Cypress as Frontend developer

Cypress as Frontend developer

As a frontend developer you will interact with backend developers more than you will interact with your family members, so keeping the good relationship is the main thing you need to focus on.

When everything goes right, everybody is happy, but when one thing goes wrong, not nesserely everybody should feel sad.

To keep the good relationship we need to remove all the confusing things from the workflow and everybody should speak the same language.

Let's pick a case that everybody will pass on :

You create a view with Angular, Vue or React, you consumed mock services and everything looks OK,

Then it comes the moment of truth when you will connect the frontend view with the backend service/API, you implemented it and it didn't work you will contact the backend developer and he will tell you that his service work like a charm.

You invite him to look at the result and he admitted that there's a bug need to fix.

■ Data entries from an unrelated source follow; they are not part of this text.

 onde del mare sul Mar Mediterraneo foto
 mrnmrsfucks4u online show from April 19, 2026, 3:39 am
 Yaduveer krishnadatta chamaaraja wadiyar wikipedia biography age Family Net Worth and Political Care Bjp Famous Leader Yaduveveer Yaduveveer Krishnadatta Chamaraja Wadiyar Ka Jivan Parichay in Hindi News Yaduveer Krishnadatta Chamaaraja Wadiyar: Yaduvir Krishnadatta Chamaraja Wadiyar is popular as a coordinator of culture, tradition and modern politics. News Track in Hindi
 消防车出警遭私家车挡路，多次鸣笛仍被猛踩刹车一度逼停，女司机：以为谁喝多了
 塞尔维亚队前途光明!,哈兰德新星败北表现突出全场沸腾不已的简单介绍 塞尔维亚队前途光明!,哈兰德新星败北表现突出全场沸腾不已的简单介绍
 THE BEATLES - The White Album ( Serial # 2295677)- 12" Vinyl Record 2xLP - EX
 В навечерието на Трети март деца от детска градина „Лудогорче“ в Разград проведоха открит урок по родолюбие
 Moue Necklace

After he fixes his code, two things can happen :

The bug fixed and everything goes right.

The bug persists and you show him the scenario again and we loop through this until we get everything OK, if we did not break other parts of the App.

That's Ok but, this takes time and energy.

Here's I start a searching for automation, then to end to end testing, to simulate everything, and here's my experience :

I found Cypress and start writing my tests for my views and after each view or service implementation, then the worrying start decreasing.

With the (e2e) end to end testing, you stop worrying about regression and focusing on the new functionalities that need to implement.

With that, the relation between the front and back Team start recovering.

If the test fails I made a video of the issue and send it the concerned person, otherwise I invite him to watch the scenario fails ?

I start being less exhausted as a Front-end developer.

Next step, is to add the e2e test, to the DevOps pipeline.

And you, how are you dealing with the regressions?